Description: Negation of the signum. (Contributed by Thierry Arnoux, 1-Oct-2018.)

**Assertion**
Ref	Expression
sgnneg	⊢ (𝐴 ∈ ℝ → (sgn‘-𝐴) = -(sgn‘𝐴))

**Proof of Theorem sgnneg**
Step	Hyp	Ref	Expression
1		recn 11099	. . . . 5 ⊢ (𝐴 ∈ ℝ → 𝐴 ∈ ℂ)
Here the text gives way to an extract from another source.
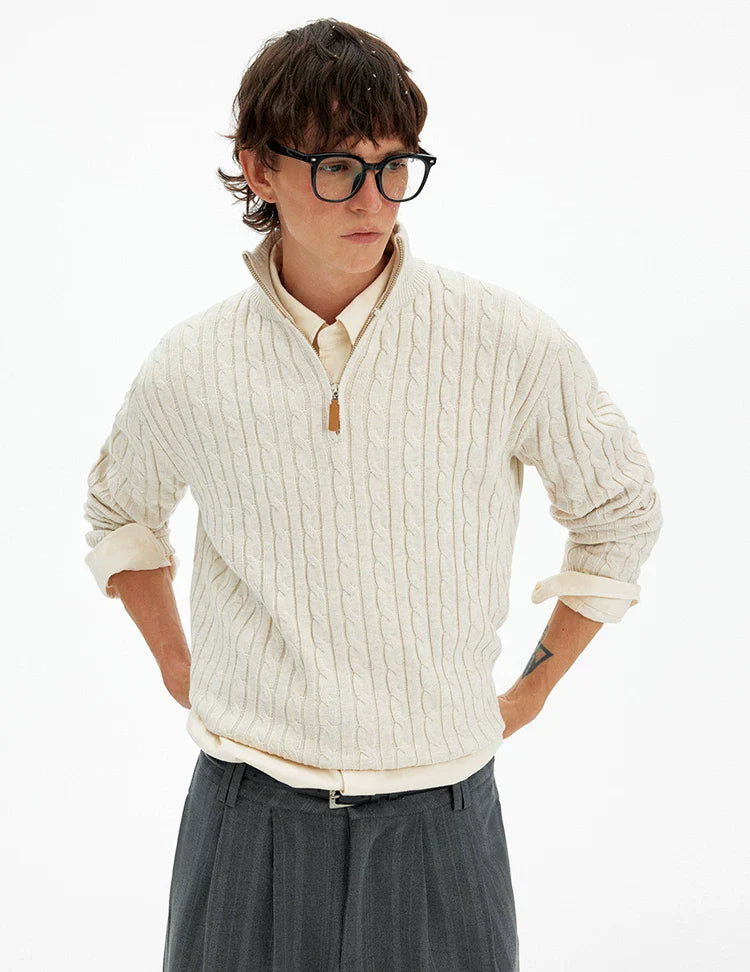 Cable Knit Quarter Zip Pullover with Contrast Zip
2	1	negeq0d 11467	. . . 4 ⊢ (𝐴 ∈ ℝ → (𝐴 = 0 ↔ -𝐴 = 0))
3	2	bicomd 223	. . 3 ⊢ (𝐴 ∈ ℝ → (-𝐴 = 0 ↔ 𝐴 = 0))
4		eqidd 2730	. . 3 ⊢ ((𝐴 ∈ ℝ ∧ -𝐴 = 0) → 0 = 0)
5	3	necon3bbid 2962	. . . . 5 ⊢ (𝐴 ∈ ℝ → (¬ -𝐴 = 0 ↔ 𝐴 ≠ 0))
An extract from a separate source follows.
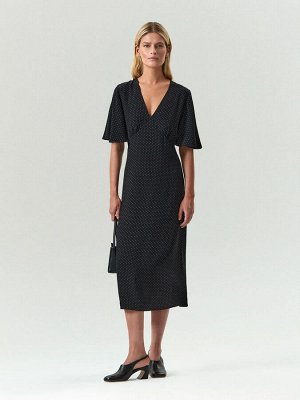 Платье миди из 100% вискозы в горох, PL1722/yanni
6	5	biimpa 476	. . . 4 ⊢ ((𝐴 ∈ ℝ ∧ ¬ -𝐴 = 0) → 𝐴 ≠ 0)
7		lt0neg2 11627	. . . . . . . 8 ⊢ (𝐴 ∈ ℝ → (0 < 𝐴 ↔ -𝐴 < 0))
8	7	adantr 480	. . . . . . 7 ⊢ ((𝐴 ∈ ℝ ∧ 𝐴 ≠ 0) → (0 < 𝐴 ↔ -𝐴 < 0))
9		id 22	. . . . . . . . . . . 12 ⊢ (𝐴 ∈ ℝ → 𝐴 ∈ ℝ)
10		0red 11118	. . . . . . . . . . . 12 ⊢ (𝐴 ∈ ℝ → 0 ∈ ℝ)
11	9, 10	lttri2d 11255	. . . . . . . . . . 11 ⊢ (𝐴 ∈ ℝ → (𝐴 ≠ 0 ↔ (𝐴 < 0 ∨ 0 < 𝐴)))
12	11	biimpa 476	. . . . . . . . . 10 ⊢ ((𝐴 ∈ ℝ ∧ 𝐴 ≠ 0) → (𝐴 < 0 ∨ 0 < 𝐴))
13		ltnsym2 11215	. . . . . . . . . . . 12 ⊢ ((𝐴 ∈ ℝ ∧ 0 ∈ ℝ) → ¬ (𝐴 < 0 ∧ 0 < 𝐴))
14	10, 13	mpdan 687	. . . . . . . . . . 11 ⊢ (𝐴 ∈ ℝ → ¬ (𝐴 < 0 ∧ 0 < 𝐴))
15	14	adantr 480	. . . . . . . . . 10 ⊢ ((𝐴 ∈ ℝ ∧ 𝐴 ≠ 0) → ¬ (𝐴 < 0 ∧ 0 < 𝐴))
16	12, 15	jca 511	. . . . . . . . 9 ⊢ ((𝐴 ∈ ℝ ∧ 𝐴 ≠ 0) → ((𝐴 < 0 ∨ 0 < 𝐴) ∧ ¬ (𝐴 < 0 ∧ 0 < 𝐴)))
17		pm5.17 1013	. . . . . . . . 9 ⊢ (((𝐴 < 0 ∨ 0 < 𝐴) ∧ ¬ (𝐴 < 0 ∧ 0 < 𝐴)) ↔ (𝐴 < 0 ↔ ¬ 0 < 𝐴))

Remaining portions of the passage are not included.